De confirmarse este escenario, en el Ecuador de la segunda década del siglo XXI, es necesario formular una pregunta y expresar una grave preocupación. ¿Dónde está el centro político que medie, amortice y concilie? ¿Hasta qué punto, sino se desarrolla el centro -indispensable en un régimen presidencial por sus características concentradoras- de manera silvestre se tendería a un modelo fascista que no tendría repararos en reprimir toda protesta en las calles y las plazas de la República?
En estas condiciones, el Régimen, para guardar las apariencias, requiere de un centro inocuo que participe y no cause daño. Una especie de sparring que sirve para el entrenamiento de los grandes campeones de box. Pueden ser varios personajes que ocupen este vacío, pues el Ecuador carece de la más mínima posibilidad de acuerdos o pactos. No está en el núcleo de su cultura democrática; para el efecto, valga recordar que en Guayaquil las dos principales fuerzas políticas y sus líderes, en la última elección prefirieron perder la Prefectura del Guayas, antes que rebajarse a concretar una estrategia común. Tan irrisoria es la situación en esta región -la mayor plaza electoral del país- que el último esfuerzo de concertación política fue el “pacto de la regalada gana”.
El problema de esta extraña situación es que el enfrentamiento del Gobierno con los movimientos de izquierda puede acentuarse; ya que, ante la ausencia de un centro solvente, sectores de la derecha o del centro optarán, por seguridad empresarial, adherirse con el Régimen. Una suerte de mal menor que solo exige aceptar una especie de capitalismo de Estado y no alterar la detentación del poder, encarnada en la reelección indefinida.

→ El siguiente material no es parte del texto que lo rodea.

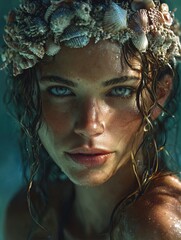 breathtaking tropical portrait: a stunning woman with seashell crown and wet hair, perfect as a sporty interior poster with ocean breeze vibes and cinematic lighting in blue-green palette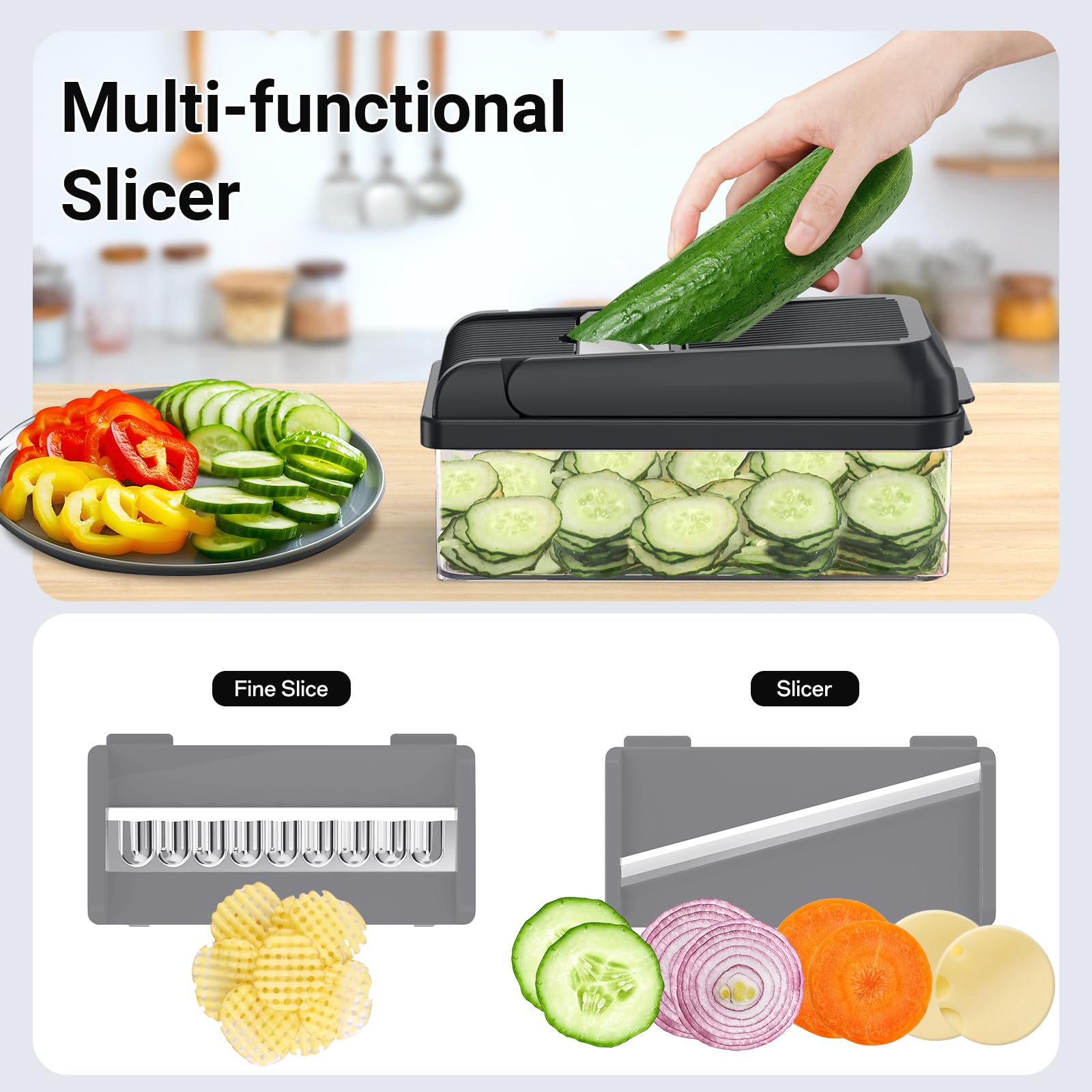 SpaceHacks vegetable chopper compact storage demonstrates neat kitchen organization.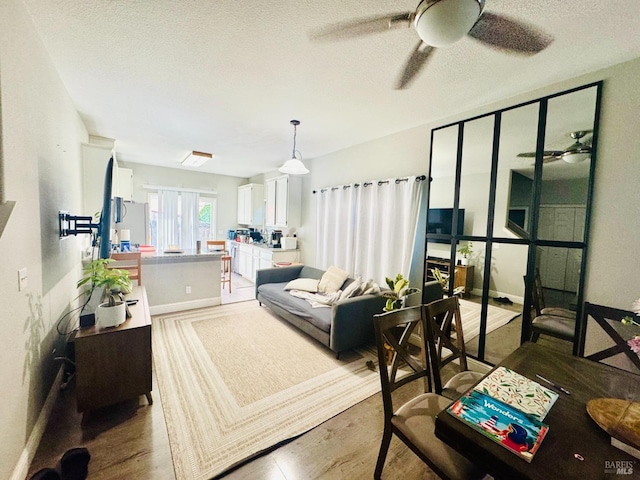 living room with hardwood / wood-style floors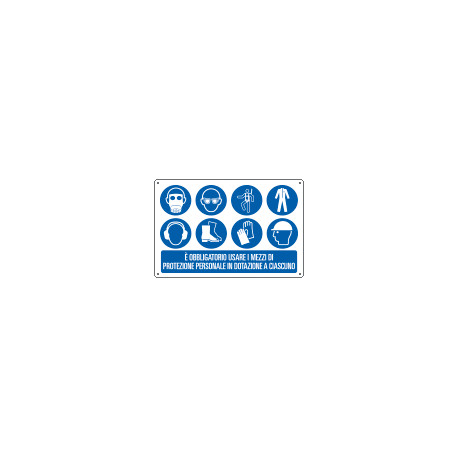 Cartello obbligo usare mezzi di protezione personale EN ISO 7010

Pueden existir varios ejemplos históricos de la importancia del centro político y no haberlo ejercido cuando la coyuntura histórica lo demandaba; pero por cercanía histórica y geográfica, la reflexión recae en el derrocamiento de Salvador Allende. El Partido Comunista aceptaba un acuerdo con la Democracia Cristiana para asegurar la gobernabilidad pero fracasaron. El infantilismo del Partido Socialista de ese entonces y la algarabía violenta del MIR lo impidieron. Cualquier otra explicación hay que buscarla en los escombros del Palacio de la Moneda del 11 de Septiembre de 1973.